Group looks to meet growing demand for fresh food from visiting ships

Kristen Miskelly leads a tour through her Saanich Native Plants nursery

There’s no place like the Saanich Peninsula for growing food in B.C.

The land is within close proximity to one of Canada’s major cities, and the growing season runs all year round.

But a lot of the land sits fallow, up to 40 per cent, according to one estimate. Which is why agriculture is one of the eight focuses for the newly created South Island Prosperity Project, which will act as an economic development agency for the region.

Three members of SIPP – executive director Emilie de Rosenroll, board member Craig Norris and board chair Bill Bergen – were recently guided through farms of the nine-acre Halliburton organic community farm with Saanich Couns.
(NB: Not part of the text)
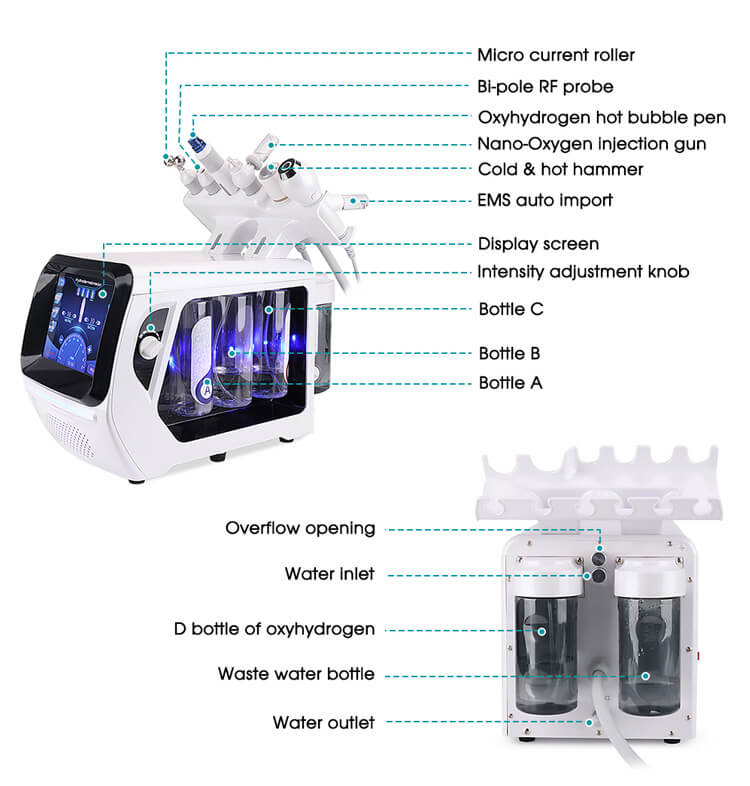 Hydrafacial machine -  - 2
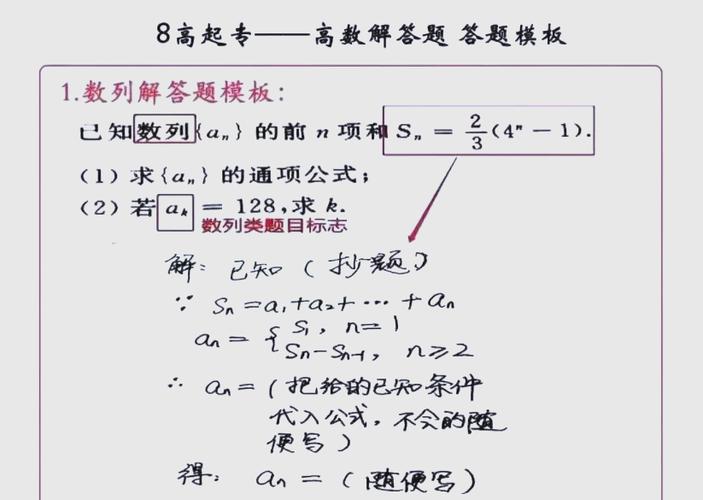 高考数学模拟题图标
Susan Brice and Fred Haynes.

The visit prompted several discussions about how to engage new farmers, and make it a viable career choice.
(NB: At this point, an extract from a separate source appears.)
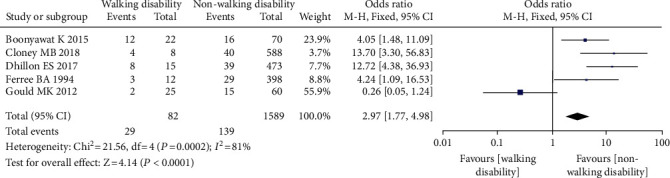 Figure 15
“We chose the name prosperity because of what prosperity means, not just more jobs but secure jobs,” said Bergen. “Youth entering the workforce want to know, can I take up a career as a farmer and have a predictable income for my family?”

The SIPP representatives are literally on tour, meeting with stakeholders across the region.

In terms of finding a way to increase the number of working farms in Saanich and the Peninsula, that will remain a challenge. To start, Norris says there’s a need to meet the high demand for local food from the high-end yachts visiting the Inner Harbour.

“These are chefs who want local food for the private yachts, many of which are valued at $10 million and above,” said Norris, who’s the managing director for the new Victoria International Marina. “The demand is the equivalent of three fully stocked, large-scale grocery stores of food each summer.”

“That’s a bare minimum. Right now they’re asking, where’s the best chickens, where’s the best carrots, and they want local,” Norris said. “They want to feature local and showcase the best of the best.”

The geography of the Pacific Rim is helpful as Victoria can be the end of the line for cruise ships, where kitchens are stocked and gas tanks are fuelled before major crossings, Norris added.

“We don’t want to bring them to a small farm and take all their stock, we want to take them on tours and create a process to bring them into the community.”

In addition to the yachts, Haynes questioned if local food and goods could be better delivered to the many visiting cruise ships.

“Can we plug into more opportunities,” Haynes said. “What can we do as a centre to make sure it’s an easy thing to do for them when they get here?”

During their 90-minute walking tour of Halliburton, farmers guided the members of SIPP and Saanich council through the process of growing.

The key is to grow a variety of crops and not to lean heavily on one type, said Colleen Popyk of Darn Tootin, one of eight farms/nurseries that make up Halliburton.

“To replicate something like Haliburton would be incredible,” said Linda Geggie, executive director for the Capital Region Food and Agriculture Initiatives Round Table, who also joined the tour.

Saanich paid $109,157 to SIPP in 2016 and will provide $184,634 each year until 2020 for a total of $848,000. By 2020, SIPP will have a bankroll of $9 million to begin investing into regional growth.

SIPP started in January as the South Vancouver Island Economic Development Association, which was a placeholder name. The new SIPP board of directors selected de Rosenroll, of Saanich, as the executive director.

SIPP will focus on eight initial sectors: agriculture, agribusiness and aquaculture; clean technology; ocean technology and marine space; aviation and aerospace; advanced education; advanced manufacturing; sport and culture; and construction.